Apakah kau bersedia menjadi muridku?" bertanya kakek jubah putih yang
mirip dengan sosok arca itu. Sepasang mata dari seseorang tua yang berusia
lanjut sekali. Berjenggot kelabu. Berhidung mancung. Sepasang matanya bersinar.
"Atas perintah guruku aku
memang dibawa ke tempat ini adalah untuk itu, kakek! Tentu saja aku amat
berterima kasih Kalau kau mau mengangkat ku sebagai murid!" ucap Roro
dengan menunduk hormat. Sementara hatinya berdebar-debar. Semua kejadian ini
amat misterius dan dia seperti berada di alam gaib yang amat menakjubkan.
Bagawan Bhama Kosala tertawa
mengekeh. Suaranya membuat bulu roma Roro meremang.
"Sebenarnya ilmu
kedigjayaan mu sudah tinggi. Akan tetapi sudah menjadi kodrat bahwa di atas
langit masih ada langit lagi. Aku akan berikan tiga macam Ilmu padamu. Ya, tiga
macam ilmu kedigjayaan yang mungkin bisa membuat kau lebih perkasa, cucuku.

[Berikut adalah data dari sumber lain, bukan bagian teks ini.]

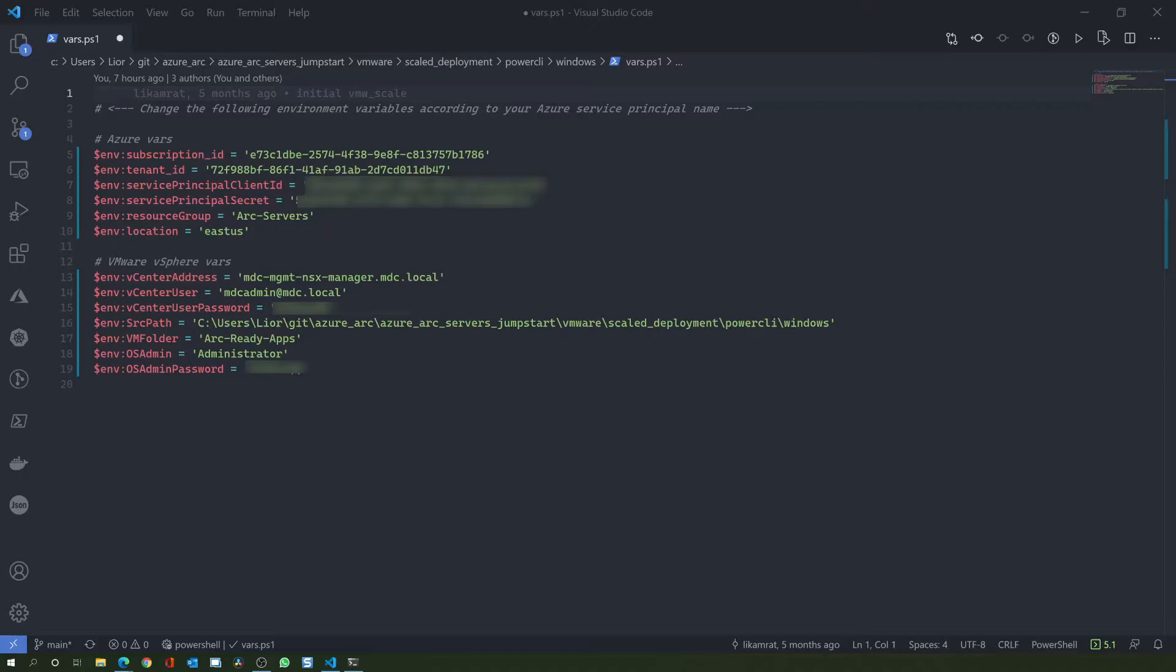The first section is where you will add your Azure environment variables, such as the subscription ID, tenant ID, as well as the service principal app ID and secret. Notice the Azure resource group, which is the one we saw earlier in the Azure portal.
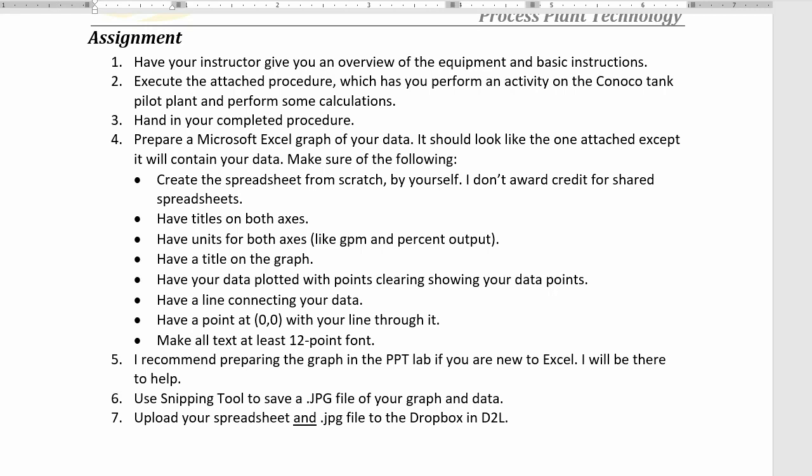Hello class! Excel is new to some of you, so let's walk through making the chart for the ConocoTanks lab.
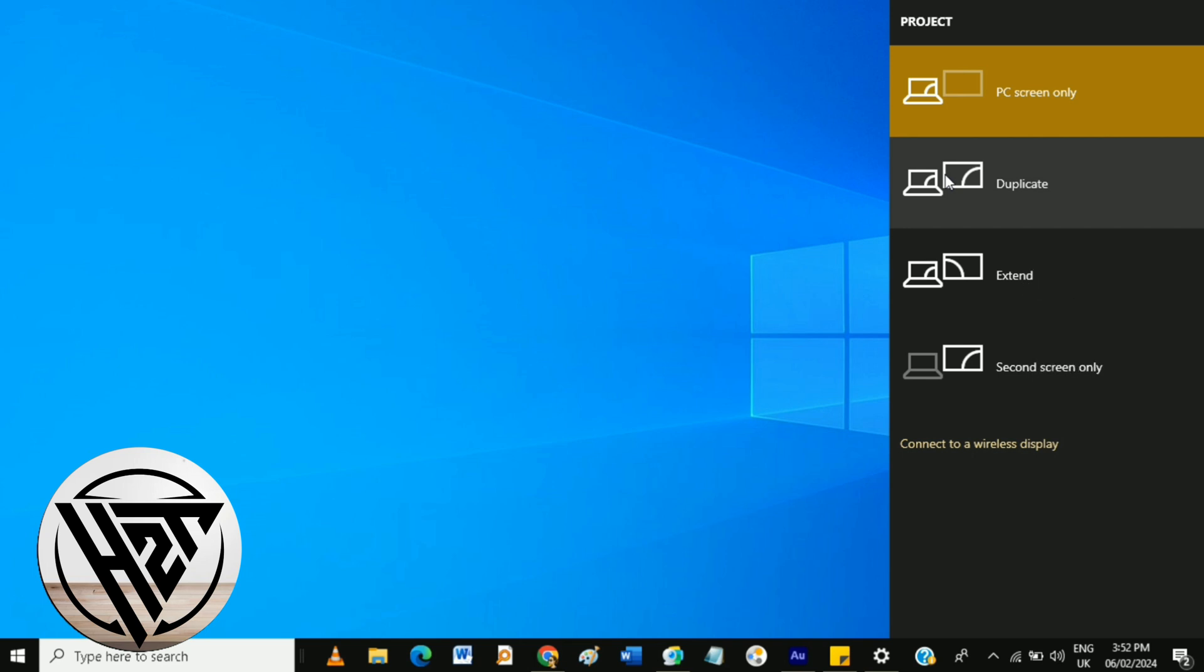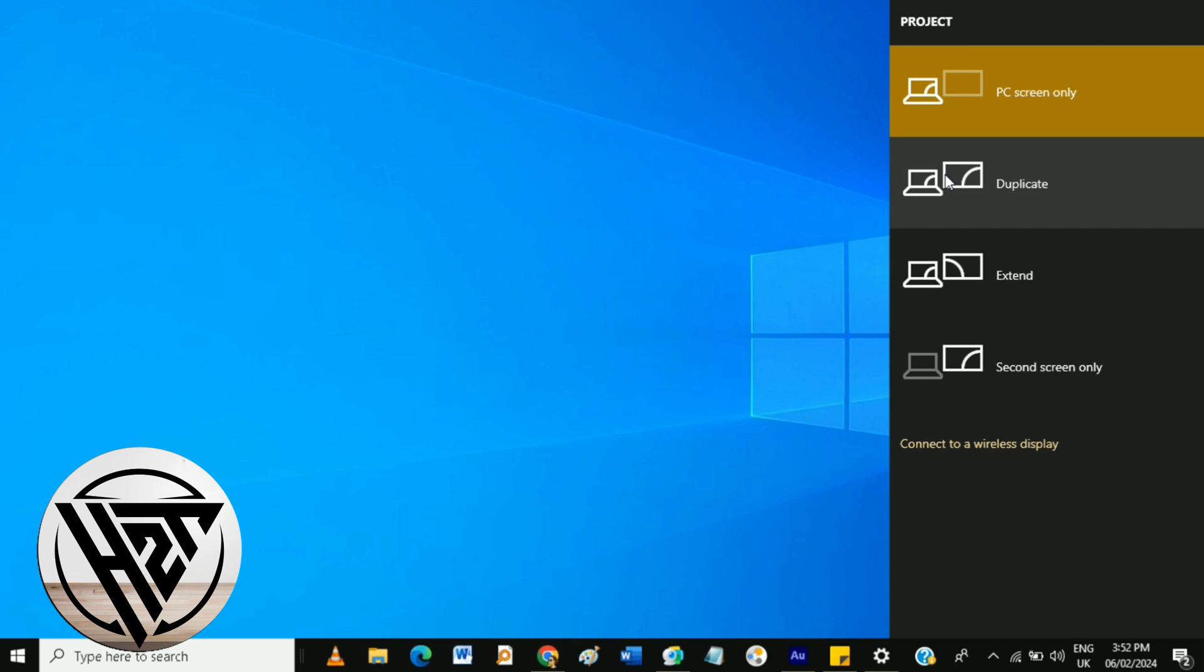And that's how to use dual monitors without minimizing game without using third-party apps.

ilmu ini adalah ilmu yang cuma berada di negeri siluman. Yang bisa dipergunakan
untuk bekalmu menghadapi musuh-musuhmu yang juga berilmu siluman. Setelah itu
kau boleh kembali ke dunia manusia!
Akan tetapi ingatlah. Jangan
kau pergunakan ilmu ini untuk perbuatan yang tidak baik!" tutur Bagawan
Bhama Kosala.
"Murid akan selalu ingat
akan wejangan mu, kakek guru!" sahut Roro dengan girang.
"Aku percaya akan
pribadimu!" tersenyum sang Begawan. "Nah, hari ini juga kau mulailah
mempelajari!"
"Terimakasih, kakek guru!
ujar Roro dengan mengangguk girang.
Si kakek menunjuk ke arah
sebuah batu putih bagai pualam di sudut ruangan. Nah! kau bertapalah di atas
batu itu selama empat puluh hari empat puluh malam.
Bila kau sanggup melewati
ujian ini maka kau berhak menerima ketiga macam ilmu dariku." berkata
Bagawan Bhama Kosala. Roro menatap ke arah tempat itu lalu mengangguk.
"Kalau persyaratan untuk
menerima ketiga macam ilmu itu adalah demikian, tentu aku akan mencobanya,
kakek guru!" tandas Roro.
"Sukurlah! Semoga kau
lulus dalam ujian itu!" Bagawan Bhama Kosala manggut-manggut sambil
mengelus jenggotnya. Akan tetapi sekejap kemudian tubuhnya lenyap sirna.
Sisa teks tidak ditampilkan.